Oracle Big Data Spatial and Graph has, in the property graph feature, two important components: data access layer and in-memory analyst. This first component, data access layer, allows one to store, manage, index, query, and traverse property graph data in a horizontally scalable database (Apache HBase or Oracle NoSQL Database). And the second component, in-memory analyst, offers a rich set of out-of-the-box graph analytics and graph operations. These two components together provide a solid framework for users to build graph based applications.
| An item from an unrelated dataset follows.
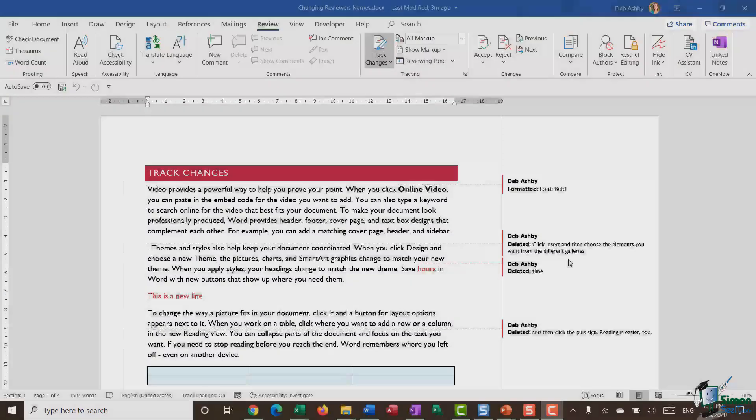Are you curious about the powerful tools hidden in Microsoft 365? Join us in this detailed tutorial from our expert trainer who walks you through each step. Let's get started.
In this blog, I am going to demonstrate how graph traversal, an important function supported by the data access layer, can be used together with graph analytics.
- Setup
If you haven't already, download Oracle Big Data Lite Virtual Machine v4.4.0 (or newer) from the following page.
http://www.oracle.com/technetwork/database/bigdata-appliance/oracle-bigdatalite-2104726.html
- Retrieve the latest property graph Hands-on-Lab/Demo scripts
- Login to Big Data Lite 4.4.0 VM
- Click Refersh Samples icon on the desktop, follow the instructions and download the latest property graph HoL/Demo scripts. (Kudos to Marty Gubar and Nigel Bayliss who designed this very cool script that can automatically fetch latest content from Github!)
- Open the following page using the Firefox browser
file:///home/oracle/src/hol/property_graph_hol_2015_Nov/property_graph_hol_2015_Nov.html
- Load example property graph data
- Follow steps described in 2.3 to 2.4.2 (if you are using Oracle NoSQL Database), or steps in 4.10 to 4.11 (for Apache HBase) to load an example property graph.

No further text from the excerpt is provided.